1 Would you agree with that?

2 A. I can explain the way I remember it, what it looked like. It was

3 perhaps more than 50 centimetres high, not very wide, 40 centimetres, not

4 more. It was plugged into a battery, a car battery. It had a headset

5 plugged into it and there were a lot of wires and cables around it.

6 That's what I remember. I also remember it was green.

7 Q. It was attached to a car battery -- yes.

8 A. Right.

9 Q. Now, you mention meeting Zulfo in Ramiz's house, and you said that

10 you knew him because he used to come to your father's house. Now, can you

11 tell us roughly when he came to your father's house? How many years

12 before the war, let's take it that way.

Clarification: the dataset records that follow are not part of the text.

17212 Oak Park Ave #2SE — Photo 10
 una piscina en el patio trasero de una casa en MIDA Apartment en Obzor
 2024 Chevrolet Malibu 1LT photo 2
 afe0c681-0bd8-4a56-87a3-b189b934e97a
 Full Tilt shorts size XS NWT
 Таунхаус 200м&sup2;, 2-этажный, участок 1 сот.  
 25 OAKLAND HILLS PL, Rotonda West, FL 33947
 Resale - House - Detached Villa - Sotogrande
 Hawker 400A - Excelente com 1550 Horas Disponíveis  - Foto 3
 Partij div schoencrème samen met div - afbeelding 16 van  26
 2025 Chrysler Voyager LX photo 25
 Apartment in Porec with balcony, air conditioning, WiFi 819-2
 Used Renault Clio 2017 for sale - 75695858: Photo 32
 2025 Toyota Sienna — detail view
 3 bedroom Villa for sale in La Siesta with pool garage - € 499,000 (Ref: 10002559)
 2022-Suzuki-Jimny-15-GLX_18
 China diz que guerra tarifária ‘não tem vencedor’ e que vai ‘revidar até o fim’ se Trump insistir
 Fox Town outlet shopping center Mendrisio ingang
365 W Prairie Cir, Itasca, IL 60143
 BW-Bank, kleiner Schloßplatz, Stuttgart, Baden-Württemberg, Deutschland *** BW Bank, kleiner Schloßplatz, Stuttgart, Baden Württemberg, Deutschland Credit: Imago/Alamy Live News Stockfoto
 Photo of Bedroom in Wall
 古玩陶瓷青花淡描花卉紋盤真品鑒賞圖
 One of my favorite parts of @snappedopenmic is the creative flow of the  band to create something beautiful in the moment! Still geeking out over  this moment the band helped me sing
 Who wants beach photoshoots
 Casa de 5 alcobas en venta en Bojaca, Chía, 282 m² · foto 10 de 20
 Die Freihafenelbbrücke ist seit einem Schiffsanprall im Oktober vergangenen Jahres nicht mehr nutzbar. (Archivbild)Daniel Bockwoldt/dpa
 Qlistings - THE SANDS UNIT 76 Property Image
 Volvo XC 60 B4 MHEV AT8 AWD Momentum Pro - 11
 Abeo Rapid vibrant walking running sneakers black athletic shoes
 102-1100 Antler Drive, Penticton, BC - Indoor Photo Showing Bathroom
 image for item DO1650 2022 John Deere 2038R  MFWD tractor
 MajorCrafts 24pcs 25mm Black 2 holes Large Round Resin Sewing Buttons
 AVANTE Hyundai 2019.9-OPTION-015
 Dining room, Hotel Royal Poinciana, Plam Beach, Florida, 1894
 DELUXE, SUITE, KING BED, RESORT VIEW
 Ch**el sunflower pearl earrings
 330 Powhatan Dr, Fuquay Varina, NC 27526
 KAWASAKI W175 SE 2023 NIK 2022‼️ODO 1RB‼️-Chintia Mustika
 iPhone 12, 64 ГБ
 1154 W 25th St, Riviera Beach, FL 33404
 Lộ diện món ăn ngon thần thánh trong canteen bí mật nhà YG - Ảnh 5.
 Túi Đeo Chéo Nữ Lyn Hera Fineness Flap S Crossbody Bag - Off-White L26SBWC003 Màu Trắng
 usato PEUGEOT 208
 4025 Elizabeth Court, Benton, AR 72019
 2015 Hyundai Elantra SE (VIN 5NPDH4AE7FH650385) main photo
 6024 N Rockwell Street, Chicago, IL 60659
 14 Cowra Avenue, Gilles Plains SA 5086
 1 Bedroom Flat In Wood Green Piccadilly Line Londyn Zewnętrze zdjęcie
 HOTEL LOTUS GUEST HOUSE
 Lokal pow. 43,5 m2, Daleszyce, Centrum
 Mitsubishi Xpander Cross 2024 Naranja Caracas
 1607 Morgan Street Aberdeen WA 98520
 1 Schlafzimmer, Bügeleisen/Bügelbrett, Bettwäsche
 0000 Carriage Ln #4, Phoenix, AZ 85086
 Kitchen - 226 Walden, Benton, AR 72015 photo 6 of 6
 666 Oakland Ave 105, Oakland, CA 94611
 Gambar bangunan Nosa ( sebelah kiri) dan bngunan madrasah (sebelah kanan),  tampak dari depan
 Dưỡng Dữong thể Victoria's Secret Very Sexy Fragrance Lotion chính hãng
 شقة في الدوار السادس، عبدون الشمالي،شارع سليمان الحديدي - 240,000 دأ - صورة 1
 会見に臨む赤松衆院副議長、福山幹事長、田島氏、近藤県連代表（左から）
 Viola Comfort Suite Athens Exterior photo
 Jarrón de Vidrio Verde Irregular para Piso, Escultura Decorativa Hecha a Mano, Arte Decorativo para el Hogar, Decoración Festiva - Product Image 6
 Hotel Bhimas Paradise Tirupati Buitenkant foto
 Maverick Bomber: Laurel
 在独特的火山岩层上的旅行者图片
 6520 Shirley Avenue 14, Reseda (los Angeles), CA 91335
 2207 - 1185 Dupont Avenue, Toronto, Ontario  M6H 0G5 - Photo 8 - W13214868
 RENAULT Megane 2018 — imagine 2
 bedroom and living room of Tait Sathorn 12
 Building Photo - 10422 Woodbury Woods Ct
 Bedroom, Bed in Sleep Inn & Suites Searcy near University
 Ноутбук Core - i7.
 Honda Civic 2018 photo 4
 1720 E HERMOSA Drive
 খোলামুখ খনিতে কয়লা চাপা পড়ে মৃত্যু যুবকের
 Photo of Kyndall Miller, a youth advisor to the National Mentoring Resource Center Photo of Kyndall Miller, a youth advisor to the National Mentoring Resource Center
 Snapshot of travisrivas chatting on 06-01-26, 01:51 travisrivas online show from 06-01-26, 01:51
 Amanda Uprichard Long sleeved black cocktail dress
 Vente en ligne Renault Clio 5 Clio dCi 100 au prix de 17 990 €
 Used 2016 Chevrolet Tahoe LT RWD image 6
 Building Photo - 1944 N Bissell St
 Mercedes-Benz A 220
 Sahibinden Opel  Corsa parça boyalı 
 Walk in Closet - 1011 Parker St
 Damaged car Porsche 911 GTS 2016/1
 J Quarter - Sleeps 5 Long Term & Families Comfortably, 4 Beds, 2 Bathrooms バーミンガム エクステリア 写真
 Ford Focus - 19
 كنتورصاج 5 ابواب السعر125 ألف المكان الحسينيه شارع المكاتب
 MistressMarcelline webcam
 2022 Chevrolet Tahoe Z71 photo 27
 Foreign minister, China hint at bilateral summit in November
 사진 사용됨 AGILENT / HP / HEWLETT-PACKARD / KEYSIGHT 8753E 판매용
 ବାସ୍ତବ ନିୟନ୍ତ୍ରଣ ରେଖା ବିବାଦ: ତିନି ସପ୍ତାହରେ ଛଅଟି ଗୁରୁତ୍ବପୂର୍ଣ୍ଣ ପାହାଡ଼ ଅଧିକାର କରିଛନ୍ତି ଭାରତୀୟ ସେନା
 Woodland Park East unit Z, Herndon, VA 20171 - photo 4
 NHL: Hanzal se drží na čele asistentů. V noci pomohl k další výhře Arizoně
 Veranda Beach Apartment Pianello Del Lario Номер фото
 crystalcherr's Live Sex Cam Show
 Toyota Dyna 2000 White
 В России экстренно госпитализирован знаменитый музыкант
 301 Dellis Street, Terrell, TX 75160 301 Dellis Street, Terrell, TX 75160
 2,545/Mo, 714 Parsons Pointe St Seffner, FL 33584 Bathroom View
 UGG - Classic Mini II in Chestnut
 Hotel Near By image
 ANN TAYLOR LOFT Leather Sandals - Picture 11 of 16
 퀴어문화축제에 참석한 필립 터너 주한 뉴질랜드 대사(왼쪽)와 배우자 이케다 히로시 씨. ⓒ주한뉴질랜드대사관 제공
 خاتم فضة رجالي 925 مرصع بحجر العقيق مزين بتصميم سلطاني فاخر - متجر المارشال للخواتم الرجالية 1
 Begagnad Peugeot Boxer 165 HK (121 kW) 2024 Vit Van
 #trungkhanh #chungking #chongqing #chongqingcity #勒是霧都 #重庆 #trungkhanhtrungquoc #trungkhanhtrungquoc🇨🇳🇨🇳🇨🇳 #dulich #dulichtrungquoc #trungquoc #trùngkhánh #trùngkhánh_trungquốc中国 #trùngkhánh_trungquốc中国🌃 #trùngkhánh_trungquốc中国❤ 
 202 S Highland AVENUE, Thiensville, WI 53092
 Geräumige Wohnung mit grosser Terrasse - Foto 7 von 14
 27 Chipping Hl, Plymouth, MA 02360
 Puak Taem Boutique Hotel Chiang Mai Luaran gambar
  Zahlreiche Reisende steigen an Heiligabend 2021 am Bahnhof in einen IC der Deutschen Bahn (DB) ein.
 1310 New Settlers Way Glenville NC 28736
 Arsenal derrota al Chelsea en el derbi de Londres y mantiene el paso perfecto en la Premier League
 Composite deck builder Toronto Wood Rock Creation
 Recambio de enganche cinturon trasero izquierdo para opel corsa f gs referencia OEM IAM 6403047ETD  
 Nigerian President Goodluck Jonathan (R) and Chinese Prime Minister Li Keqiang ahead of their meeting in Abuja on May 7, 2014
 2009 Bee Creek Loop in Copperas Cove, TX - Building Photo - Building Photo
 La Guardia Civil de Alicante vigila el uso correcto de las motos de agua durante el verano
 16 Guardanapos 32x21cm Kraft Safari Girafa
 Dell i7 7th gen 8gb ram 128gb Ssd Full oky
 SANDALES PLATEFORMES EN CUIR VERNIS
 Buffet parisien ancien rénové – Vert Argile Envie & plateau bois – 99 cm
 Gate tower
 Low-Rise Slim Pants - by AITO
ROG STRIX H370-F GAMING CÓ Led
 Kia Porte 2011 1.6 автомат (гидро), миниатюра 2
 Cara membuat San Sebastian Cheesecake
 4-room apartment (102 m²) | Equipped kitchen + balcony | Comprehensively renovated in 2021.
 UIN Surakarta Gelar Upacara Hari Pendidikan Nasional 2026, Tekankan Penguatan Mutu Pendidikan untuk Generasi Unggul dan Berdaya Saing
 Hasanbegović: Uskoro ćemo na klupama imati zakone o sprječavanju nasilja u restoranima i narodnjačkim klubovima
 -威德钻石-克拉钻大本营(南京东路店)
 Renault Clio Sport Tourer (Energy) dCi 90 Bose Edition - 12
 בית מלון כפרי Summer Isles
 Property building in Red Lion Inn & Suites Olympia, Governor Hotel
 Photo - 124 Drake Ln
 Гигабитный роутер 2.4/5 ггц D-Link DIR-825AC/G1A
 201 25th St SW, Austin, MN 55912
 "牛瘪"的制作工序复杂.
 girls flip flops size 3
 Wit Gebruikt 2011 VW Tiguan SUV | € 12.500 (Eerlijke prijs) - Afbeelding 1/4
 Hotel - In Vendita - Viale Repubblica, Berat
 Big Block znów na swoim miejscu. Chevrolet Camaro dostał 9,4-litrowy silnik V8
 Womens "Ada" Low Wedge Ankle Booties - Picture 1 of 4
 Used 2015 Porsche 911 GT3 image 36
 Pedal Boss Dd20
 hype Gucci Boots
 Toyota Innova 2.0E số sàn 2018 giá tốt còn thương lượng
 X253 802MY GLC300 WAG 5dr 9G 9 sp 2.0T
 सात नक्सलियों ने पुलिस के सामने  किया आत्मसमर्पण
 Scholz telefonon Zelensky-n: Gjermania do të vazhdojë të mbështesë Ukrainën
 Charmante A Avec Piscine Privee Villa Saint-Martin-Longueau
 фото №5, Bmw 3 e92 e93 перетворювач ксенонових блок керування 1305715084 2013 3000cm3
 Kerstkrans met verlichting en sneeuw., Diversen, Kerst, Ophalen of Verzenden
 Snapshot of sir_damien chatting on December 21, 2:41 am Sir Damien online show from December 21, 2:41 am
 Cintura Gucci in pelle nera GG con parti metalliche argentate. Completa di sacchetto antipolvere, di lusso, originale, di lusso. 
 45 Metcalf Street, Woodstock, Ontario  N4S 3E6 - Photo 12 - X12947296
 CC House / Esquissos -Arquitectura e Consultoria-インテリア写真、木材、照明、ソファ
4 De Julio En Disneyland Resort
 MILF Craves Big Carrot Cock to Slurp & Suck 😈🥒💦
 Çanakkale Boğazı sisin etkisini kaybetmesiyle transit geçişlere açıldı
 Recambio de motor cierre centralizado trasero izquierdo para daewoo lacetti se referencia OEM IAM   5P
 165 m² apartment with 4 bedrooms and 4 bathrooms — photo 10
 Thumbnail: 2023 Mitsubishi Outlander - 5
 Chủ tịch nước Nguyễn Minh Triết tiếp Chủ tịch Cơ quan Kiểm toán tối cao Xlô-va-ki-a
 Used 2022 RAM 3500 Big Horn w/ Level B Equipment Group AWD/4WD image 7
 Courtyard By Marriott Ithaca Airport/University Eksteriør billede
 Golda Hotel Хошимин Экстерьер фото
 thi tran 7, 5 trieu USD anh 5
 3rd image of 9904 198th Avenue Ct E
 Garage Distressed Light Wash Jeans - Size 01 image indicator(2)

13 A. Sometime in the '80s.

14 Q. Could you be a bit more specific. Are we talking about 1981,

15 1985, 1989? How old were you when you saw Zulfo?

16 A. In 1992.

17 Q. And before that, when you saw Zulfo at your father's house, how

18 old were you roughly?

19 A. I was a young girl. I think I was going to primary school.

20 Q. You say you recognised him from that period of, what, 14, 15 years

21 beforehand?

22 A. Yes.

23 Q. Now, dealing with the period before you arrived in Srebrenica

24 from, say, the 14th to about the 19th of December 1992, wasn't there

25 massive fighting in that whole area, by which I mean the broader Bjelovac

Page 3955

1 area, from Voljevica, Zaluzje, Pirici, Sase, fighting in that whole area?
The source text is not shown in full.